UPM: graphic paper decline "normalising"
Wednesday, November 4, 2020
Label material sales are up at UPM but graphic paper deliveries were down 21% in Q3 due to Covid-19. Separately the group said it had received “quite a lot of interest” in its up-for-sale Shotton mill in the UK.
The global giant in pulp, paper and bio-materials posted sales down 19% at €2.028bn (£1.82bn) in Q3 “due to lower deliveries of graphic papers and lower pulp and paper prices”.
Like-for-like EBIT was down 37% at €215m (2019: €342m).
President and CEO Jussi Pesonen said that UPM had “delivered satisfactory performance under the highly exceptional circumstances resulting from the Covid-19 pandemic”.
“Despite weak paper markets and low pulp prices, our profitability improved slightly compared to the previous quarter, our cash flow recovered, and our EBIT margin remained above 10%,” he stated.
UPM said that Covid-19 restrictions had “significantly decreased demand” for graphic papers, which were most severely affected, while demand for self-adhesive labelling materials and specialty papers increased during the lockdowns.
“As expected, demand in Q3 partly recovered compared to the lockdown part of Q2, but still remained low. Market prices decreased by 5%. However, thanks to the ongoing cost reduction measures and improved efficiency, the business was able to turn back to positive EBIT in Q3,” UPM stated.
Pesonen said that labels wing UPM Raflatac, UPM Specialty Papers and UPM Energy “continued to perform well”.
“Our financial standing is strong and puts us in a unique position to proceed with our transformative projects with determination,” he said.
UPM has taken out 1.2m tonnes of paper production in the last 12 months. It shut down a paper machine at its Rauma mill in Finland and closed its Chapelle newsprint mill in France after failing to find a buyer for the operation.
It will also shutter the Kaipola mill in Finland by the end of the year, taking out 720,000 tonnes of graphic paper capacity – 450,000 tonnes of newsprint and 270,000 tonnes of coated mechanical paper.
Asked about the likelihood of further closures, Pesonen commented: “Everything is related to paper demand, especially in Europe. In May we saw a 40% decline in demand year over year, in June it was 25%, July 22%, August 19% and September 13% – so we have seen the normalisation in that as well,” Pesonen explained.
“Quite firmly I can say, we take actions when there’s a need to take actions. It is what I have been saying for the last 15 years. I do not remember a year after 2006 when UPM has not closed capacity. In all times you need to take care of cost competitiveness,” he stated.

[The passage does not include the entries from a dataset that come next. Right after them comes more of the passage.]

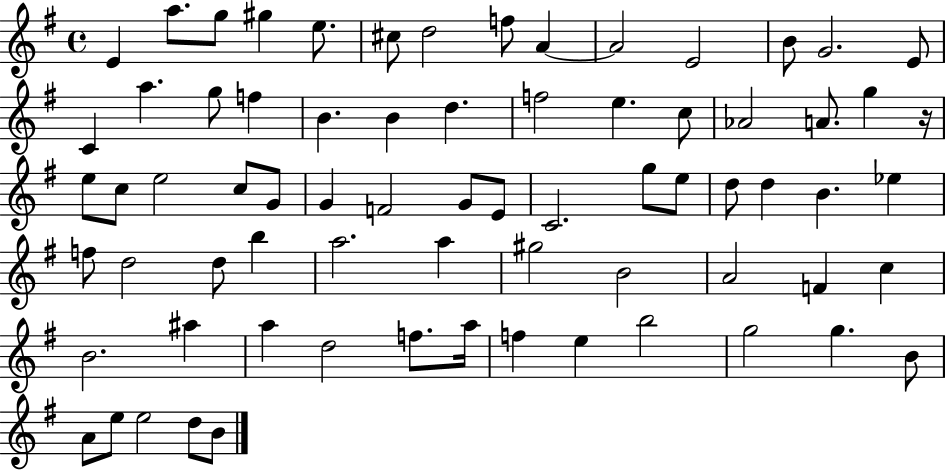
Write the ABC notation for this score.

X:1
T:Untitled
M:4/4
L:1/4
K:G
E a/2 g/2 ^g e/2 ^c/2 d2 f/2 A A2 E2 B/2 G2 E/2 C a g/2 f B B d f2 e c/2 _A2 A/2 g z/4 e/2 c/2 e2 c/2 G/2 G F2 G/2 E/2 C2 g/2 e/2 d/2 d B _e f/2 d2 d/2 b a2 a ^g2 B2 A2 F c B2 ^a a d2 f/2 a/4 f e b2 g2 g B/2 A/2 e/2 e2 d/2 B/2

However, Pesonen also pointed out that not all the measures were focused on graphic papers. “We take actions in all businesses and all functions. Every corner of UPM is contributing to improving our cost competitiveness,” he noted.

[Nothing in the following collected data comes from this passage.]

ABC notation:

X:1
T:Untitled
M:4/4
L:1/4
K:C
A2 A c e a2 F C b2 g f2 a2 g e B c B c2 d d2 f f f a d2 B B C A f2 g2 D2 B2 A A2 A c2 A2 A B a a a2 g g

UPM's decision to sell its Shotton newsprint mill in Deeside was announced over the summer, as part of measures aimed at saving €75m a year.
Pesonen said talks on the Shotton sale were at “an early stage”.
“We do have interested parties already. Quite a lot of interest,” he said.
The Shotton sale is conditional on its paper machine being converted to non-newsprint grades.
Shotton is an integrated facility that manufactures recycled newsprint. It employs around 200 staff and encompasses a materials recycling facility, paper machine, and a biomass combined heat and power unit.
It has an annual production capacity of 260,000 tonnes.
UPM’s other UK mill is Caledonian Paper in Scotland, which makes LWC magazine papers.
Regarding the outlook, UPM said that the Covid-19 pandemic, related containment measures and the economic downturn continued to cause “high uncertainty” for the second half of 2020.
Last month UPM upped its production of graphic paper sheets with a fourth sheeting line at its Kymi mill going into production.